◆ TASK BRIEF ◆
Report each line of the entries below that includes "Baby".

Source data:
━━━━━━━━━━━━━━━━

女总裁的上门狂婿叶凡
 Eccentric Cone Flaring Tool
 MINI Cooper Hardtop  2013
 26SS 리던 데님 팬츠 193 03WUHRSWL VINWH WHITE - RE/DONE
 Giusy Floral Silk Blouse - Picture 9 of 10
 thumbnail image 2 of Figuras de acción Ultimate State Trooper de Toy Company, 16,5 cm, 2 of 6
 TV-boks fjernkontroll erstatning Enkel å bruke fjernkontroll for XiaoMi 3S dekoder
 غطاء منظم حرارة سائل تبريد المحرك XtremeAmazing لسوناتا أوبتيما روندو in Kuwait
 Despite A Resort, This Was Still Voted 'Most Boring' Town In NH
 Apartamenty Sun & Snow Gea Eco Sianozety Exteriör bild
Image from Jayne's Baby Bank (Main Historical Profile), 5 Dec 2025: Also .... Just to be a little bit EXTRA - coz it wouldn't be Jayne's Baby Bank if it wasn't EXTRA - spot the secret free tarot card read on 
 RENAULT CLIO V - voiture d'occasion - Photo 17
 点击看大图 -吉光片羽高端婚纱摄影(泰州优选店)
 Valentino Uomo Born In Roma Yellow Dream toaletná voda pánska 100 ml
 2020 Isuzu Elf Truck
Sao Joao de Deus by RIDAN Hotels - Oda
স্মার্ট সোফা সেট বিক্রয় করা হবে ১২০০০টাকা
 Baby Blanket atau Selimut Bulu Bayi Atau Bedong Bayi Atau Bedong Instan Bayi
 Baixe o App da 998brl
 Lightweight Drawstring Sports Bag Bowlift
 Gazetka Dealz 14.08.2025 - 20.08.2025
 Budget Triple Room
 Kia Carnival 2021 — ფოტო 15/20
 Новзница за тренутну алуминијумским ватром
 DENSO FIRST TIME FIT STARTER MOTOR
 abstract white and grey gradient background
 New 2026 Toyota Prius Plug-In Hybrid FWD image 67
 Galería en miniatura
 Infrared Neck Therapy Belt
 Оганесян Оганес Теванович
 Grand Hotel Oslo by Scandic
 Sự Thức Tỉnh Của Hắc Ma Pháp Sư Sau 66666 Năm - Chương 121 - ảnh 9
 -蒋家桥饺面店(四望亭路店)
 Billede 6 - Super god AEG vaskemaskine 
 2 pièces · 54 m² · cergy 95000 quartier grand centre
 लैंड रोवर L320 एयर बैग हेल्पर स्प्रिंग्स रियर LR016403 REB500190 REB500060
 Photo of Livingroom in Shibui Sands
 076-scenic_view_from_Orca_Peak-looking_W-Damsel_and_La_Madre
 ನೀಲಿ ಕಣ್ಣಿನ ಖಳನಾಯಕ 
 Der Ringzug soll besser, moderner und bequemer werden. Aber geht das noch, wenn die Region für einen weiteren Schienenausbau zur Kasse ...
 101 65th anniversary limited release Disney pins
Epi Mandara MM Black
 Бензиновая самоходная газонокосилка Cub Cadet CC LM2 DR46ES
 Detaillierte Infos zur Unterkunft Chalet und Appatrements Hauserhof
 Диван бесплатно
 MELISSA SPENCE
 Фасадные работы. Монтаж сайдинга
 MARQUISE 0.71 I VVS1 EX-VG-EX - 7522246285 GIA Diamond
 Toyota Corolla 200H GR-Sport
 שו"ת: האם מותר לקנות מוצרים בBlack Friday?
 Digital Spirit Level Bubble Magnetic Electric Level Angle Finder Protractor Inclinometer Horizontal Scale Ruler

━━━━━━━━━━━━━━━━

◆ ANSWER SPACE ◆
Image from Jayne's Baby Bank (Main Historical Profile), 5 Dec 2025: Also .... Just to be a little bit EXTRA - coz it wouldn't be Jayne's Baby Bank if it wasn't EXTRA - spot the secret free tarot card read on 
 Baby Blanket atau Selimut Bulu Bayi Atau Bedong Bayi Atau Bedong Instan Bayi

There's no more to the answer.